=== Section Start ===
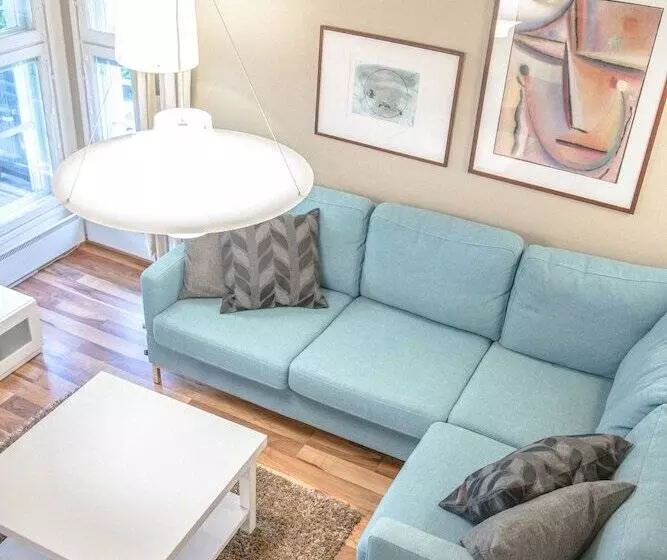 Holiday Club Katinkulta Apartments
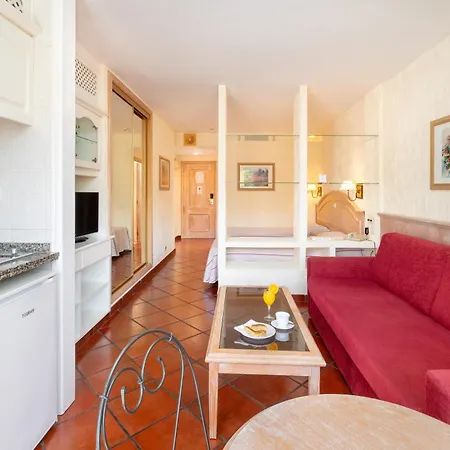Apartamentos Masaru-3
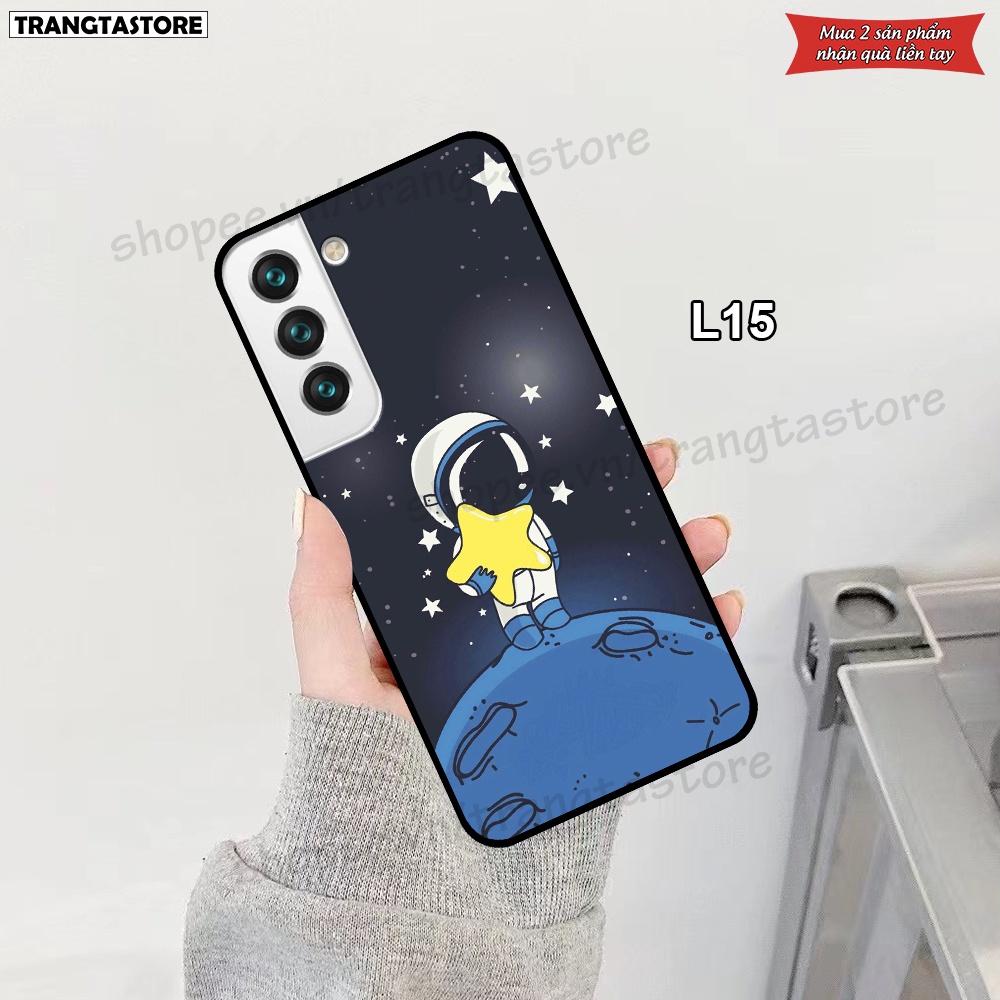 Ốp lưng Samsung S22 5G - S22 Plus 5G (S22+ 5G) - S22 Ultra 5G mới nhất - dễ thương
=== Section End ===
> _REQUIRED WORK_:
Could you output the lines above exactly, with no pictures included?

> _SOLUTION TO THE PROBLEM_:
 Holiday Club Katinkulta Apartments
Apartamentos Masaru-3
 Ốp lưng Samsung S22 5G - S22 Plus 5G (S22+ 5G) - S22 Ultra 5G mới nhất - dễ thương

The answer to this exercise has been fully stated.